- Theatrical release poster
- Directed by: Prajoth K. Vennam
- Written by: Prajoth K. Vennam
- Screenplay by: Prajoth K. Vennam
- Produced by: K. Hima Bindu
- Starring: Rajesh Meru Navya Chityala
- Cinematography: Pavan Guntuku
- Music by: Pavan
- Production company: 20th Century Entertainments
- Release date: 6 February 2026;
- Country: India
- Language: Telugu

= Laggam Time =

2026 Telugu-language romantic comedy film

Laggam Time is a 2026 Indian Telugu-language romantic comedy film written and directed by Prajoth K. Vennam and produced by K. Hima Bindu under the banner 20th Century Entertainments. The film stars Rajesh Meru and Navya Chityala in the lead roles and was theatrically released on 6 February 2026.

== Plot ==
Set against the backdrop of a traditional Telugu wedding, Laggam Time follows a series of humorous and emotional events that unfold during a crucial phase of the ceremony.
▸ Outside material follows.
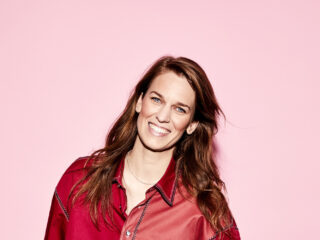 Vera Siemons is genomineerd voor De Pop Media Prijs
The narrative blends romance, situational comedy, and family drama, highlighting relationships, misunderstandings, and time-sensitive decisions during wedding celebrations.

== Cast ==
- Rajesh Meru as Surya
- Navya Chityala as Ananya
- Sudharshan as Chandu, Ananya’s fiancee
- Praneeth Reddy Kallem as Bobby, Surya’s bestfriend
- Kedar Shankar as Chandu’s father
- Srinivas Bhogireddy as Ananya’s father
- Sujatha Gosukonda as Ananya’s mother
- Madhumani as Chandu’s mother
- Kiran Macha as Sekhar, Ananya’s brother
- Neela Ramana as Nithya, Ananya’s sister-in-law
- Preetei Sundar as Indu, Chandu’s girlfriend
- Arun Pulivarthi as Madhav, Surya’s friend
- Mirchi Kiran as Police SI

== Production ==
The first-look poster of the film was unveiled by director Sagar K. Chandra, drawing attention to its wedding-centric theme. Principal photography was completed in 2025.

== Music ==
The film's music is composed by Pavan. The song "O Kadhagaa Modalai" was released as part of the promotional campaign.

== Release ==
Laggam Time was released theatrically on 6 February 2026.

== Reception ==
The Hans India called it a wholesome romantic comedy with strong family appeal. NTV rated the movie 2.5/6 stars.